The idea for this column came to me as I was watching a presentation at BarCampLA-3 (http://barcampla.org/), an un-conference here in Los Angeles that runs about every 6 months. One of the first sessions was Susie from SuperViva.com, a goal-tracking web site. I was impressed with the site, but I was even more impressed with Susie. She demonstrated the site and then asked everyone in attendance for their comments, questions and ideas. That takes guts! It also provided her with a wealth of information on what new features people might want and how to modify the site to better meet the members’ needs. Susie clearly thought her site was ready for review and knew she needed input from a wide variety of people, so BarCampLA offered her a great opportunity.

Now, you don’t have to go as far as presenting your work in a public forum, at least not yet, but there is a variety of ways to put the power of “asking” behind any of your projects, personal or professional. Start small and then grow into more public environments and larger groups of people as your project matures.

The first step in getting feedback on your ideas or projects is to collect a trusted and smart group of friends. Once you feel you have your idea in some basic form, take the idea to them and ask them what they think. This initial discussion can, and should, alter your original idea, adding features, removing others and getting you to the next step.

You start with a small group so you can acclimate yourself to the fear that all of us feel when we ask others about our ideas. We worry that others will hate the idea or even worse, want to change the idea so much that it no longer feels like our own. This fear is real and palpable. It is also the one thing that can keep you from learning and growing, so it must be overcome at all costs. Some of us can dismiss it through our own willpower. Others, like myself, will have to use tricks or rewards or otherwise force us beyond the fear. Whatever method you find best, you must move beyond the fear.

After your initial round of feedback, and any tweaks you have made to your idea or project, it is time to implement the first version. This version doesn’t have to be complete, but it should offer some clear idea of what you are trying to accomplish. Now it’s time to expand your feedback group. From the very beginning, everyone should be enticed to provide feedback on your idea or project.

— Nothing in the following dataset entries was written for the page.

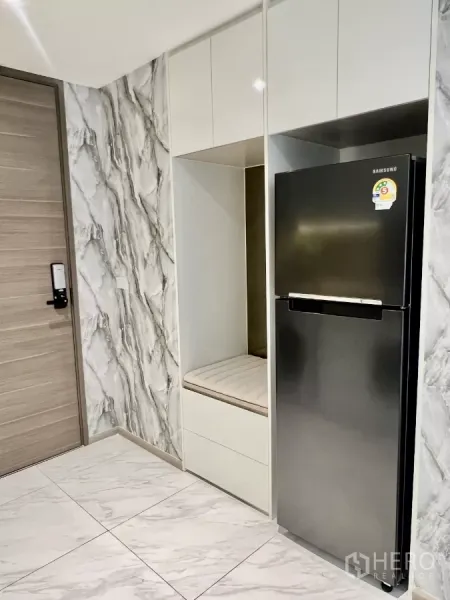 คอนโด ให้เช่าในKhlong Toei, Bangkok - โถงทางเข้าพร้อมผนังลายหินอ่อน ตู้บิวท์อิน และตู้เย็นสแตนเลสในคอนโดกรุงเทพฯ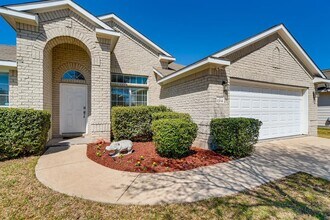 1204 Utopia Ln in Hutto, TX - Building Photo - Building Photo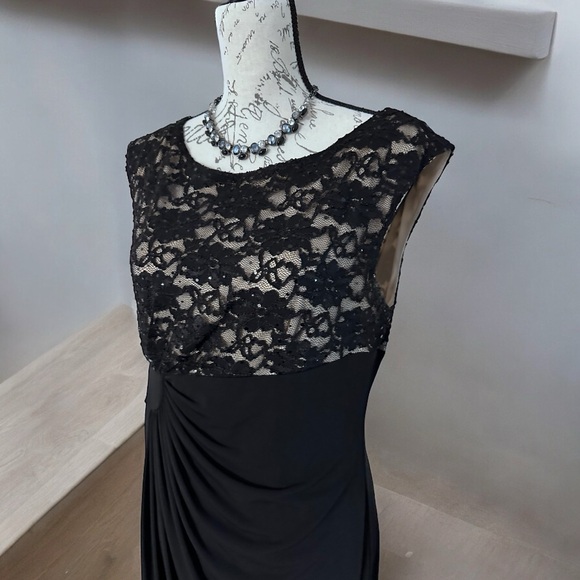 Connected Black Sleeveless Dress Size 12 - Picture 10 of 12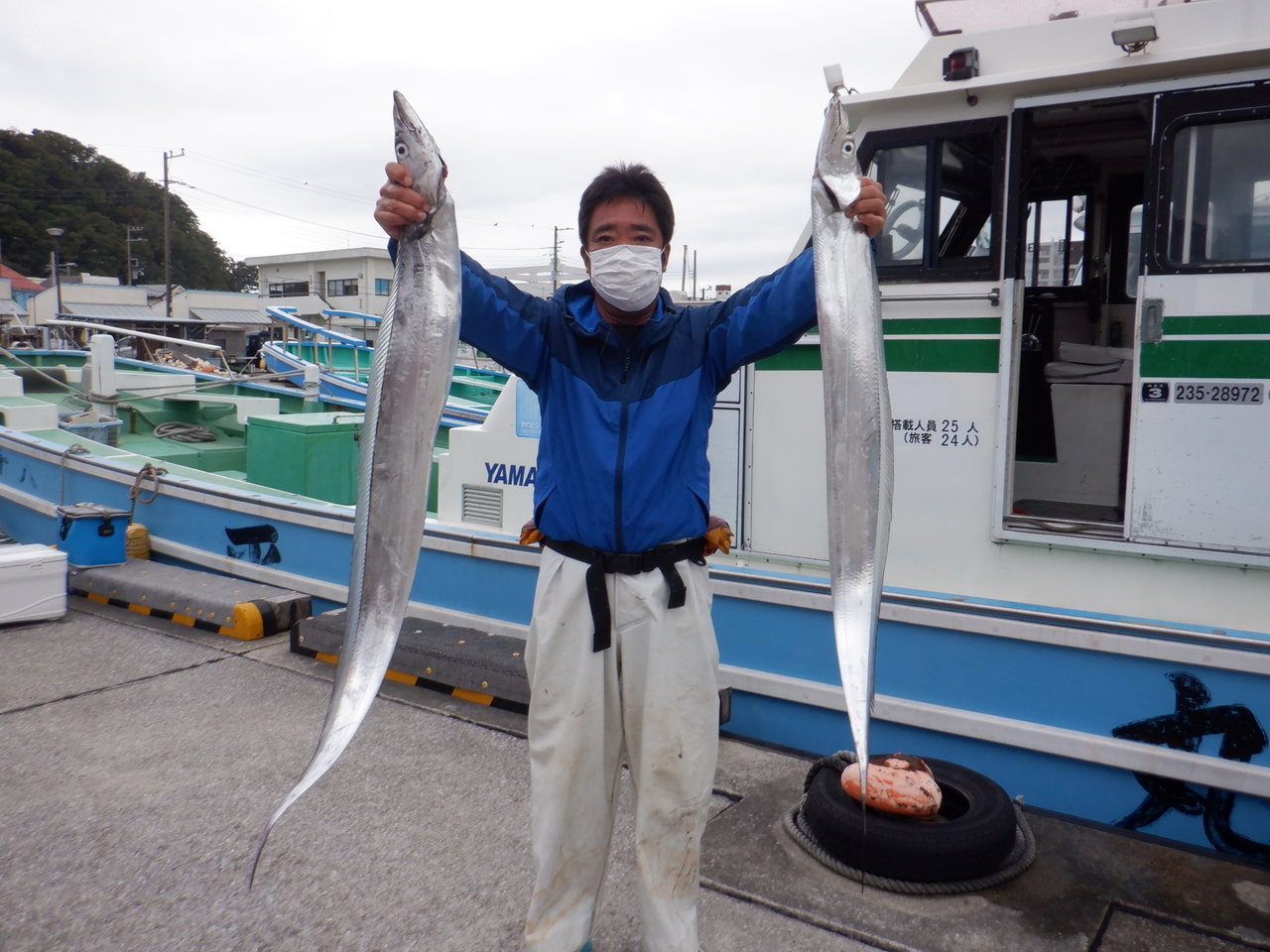 タチウオテンヤの釣果 21年10月3日 平作丸 神奈川県 久里浜港 キャスティング釣り船予約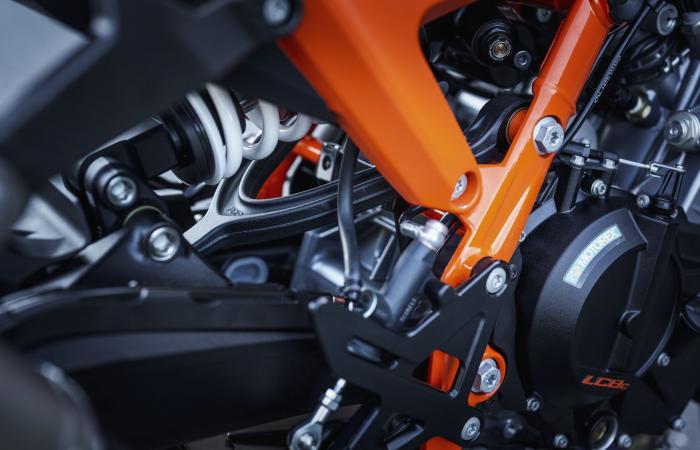 Nuevo: KTM añade una 990 Duke R, más deportiva que la 990 Duke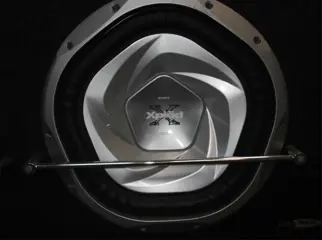 2 Sony Subwoofers 1300 W aangeboden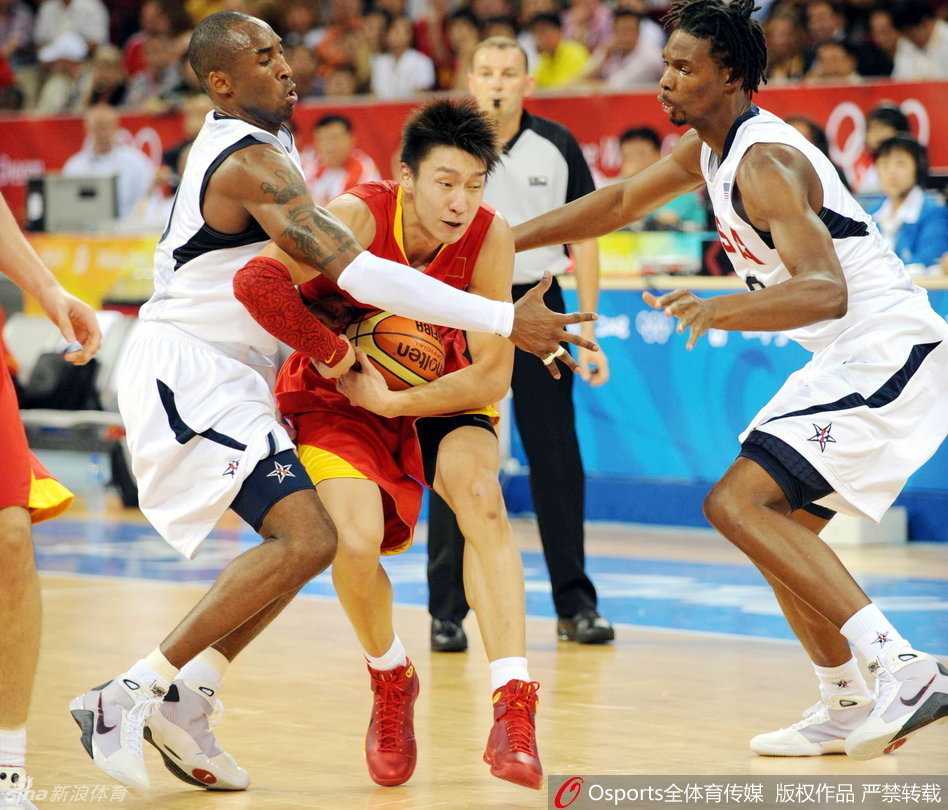 中国后卫陈江华犹如一道闪电，用一个干净利落的背后运球过掉科比，直冲禁区完成上篮，这一刻让五棵松体育馆陷入疯狂。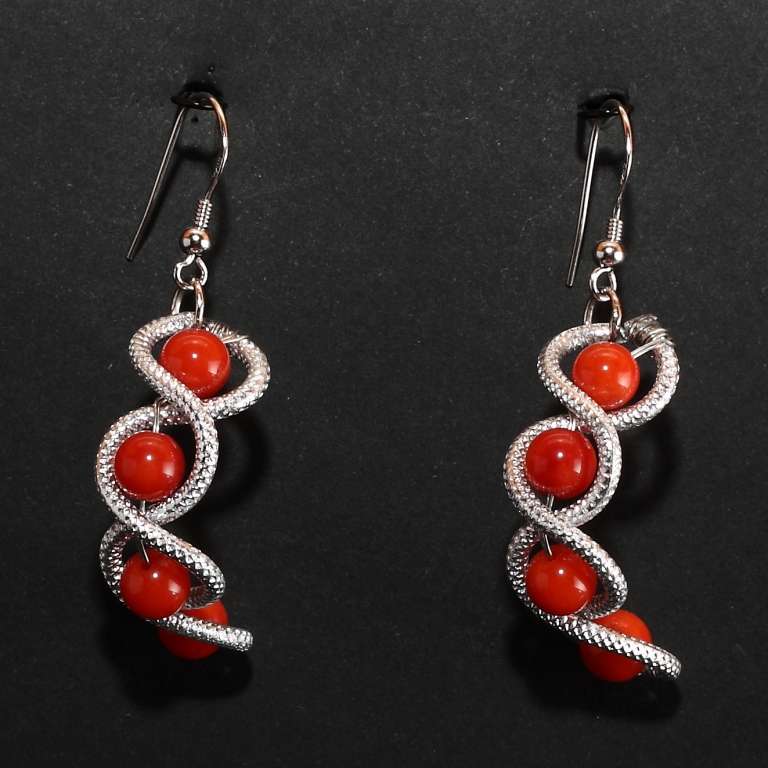 Orecchini con corallo rosso oceanico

Nothing can replace this hands on “usability” testing that the only the real world can provide. You will quickly notice issues and you should work just as quickly to resolve them. Sometimes, you might change one feature, only to realize that the initial idea was better. Change it back. Do whatever it takes to meet your user’s needs. I can guarantee that you will be learning something important every day.

Now that you have your idea or project in some basic shape, you repeat the process with an even larger group. This new group will bring different needs, thoughts and experiences to your project and help to refine it even more. Their ideas might contradict the concerns of earlier users, but you might find that this is simply a sign that a feature doesn’t work as well for 1,000 people as it did for 100. Again, you tweak and change, add and remove features and continue refining your ideas.

At this point, you have probably started to communicate your idea to the world at large, but this certainly doesn’t mean you stop taking input from those around you. In fact, this process should continue for the life of your product or service. If you don’t make a concerted effort to continually receive and act on feedback, you are stunting the growth of your ideas and business.